In the Oct. 21 issue of The Wall Street Journal, Alan Murray talks about a recent report of the President’s Council on Bioethics. The report makes it clear that technological innovations present significant ethical challenges to our society.

For example, says Murray, “a combination of anxious parents, overburdened teachers and obliging doctors has brought about a tripling of the use of psychotropic drugs by children over the past decade. ‘Ritalin and similar stimulants can be, and quite possibly are being, used to mollify or improve children who suffer no disorder except childhood and childishness,’ the report says.”

“The rapid advancement of biotechnology means free individuals, pursuing their own happiness, may make choices that move society toward (Aldous) Huxley’s nightmare – a society drained of its essential humanity.
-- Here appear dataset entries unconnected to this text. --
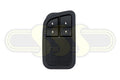 Ford Falcon Switch Window (09/06-03/08)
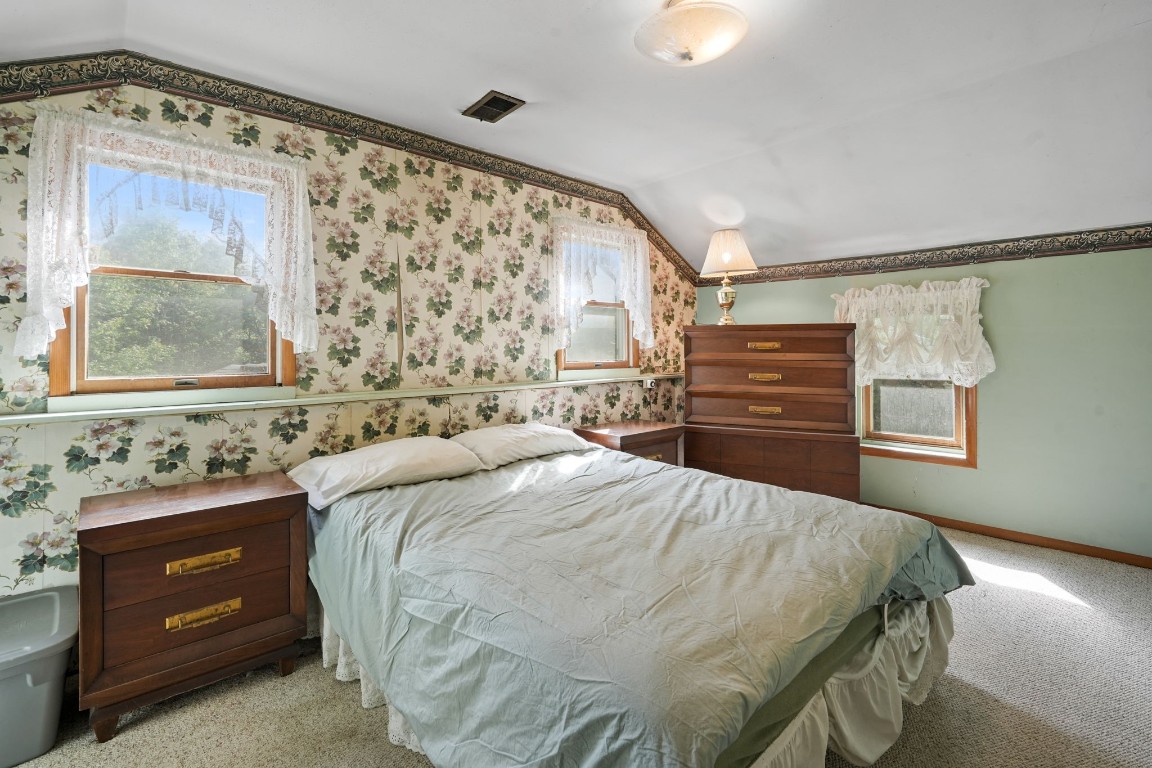 416 Mc Coy Road Nichols, NY 13812 - Photo 28 of 43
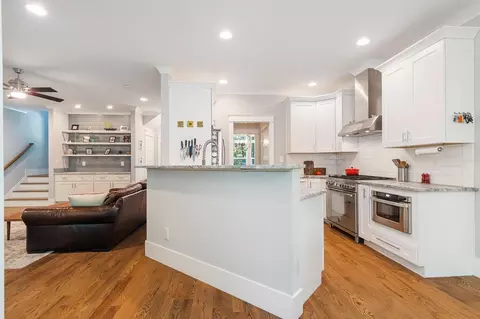 1612 Shawnee St, Durham, NC 27701 photo 13
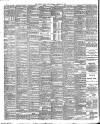 East Anglian Daily Times Saturday 29 February 1896 Page 6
“Titled Beyond Therapy: Biotechnology and the Pursuit of Happiness, the report bears the unmistakable imprint of the council’s chairman, Dr. Leon Kass, who has spent years pondering these knotty issues. ‘In previous generations, the fear of eugenics and the world it would produce was really a fear of state-sponsored, coercive practices,’ Dr. Kass said in an interview during the weekend. ‘But what this shows is one could get to the same kind of dehumanized world through individual choices. The choices might be perfectly compatible with private freedom. But aggregate these choices, and ask yourself whether in fact they would leave us more free? Or more constrained, constricted, more flattened?’

“What happens, for instance, when athletes increasingly find their success in pharmaceuticals? When health care is driven less by the desire to cure and more by the desire to enhance – whether beauty, memory, weight or height? What happens if new therapies, already in development, succeed over the next decade or two in retarding the aging process, as Mr. Huxley imagined? How will these things affect our concepts of fairness and equality; how will they alter the dignity of human activity and aspiration; how will they change the very meaning of life itself?”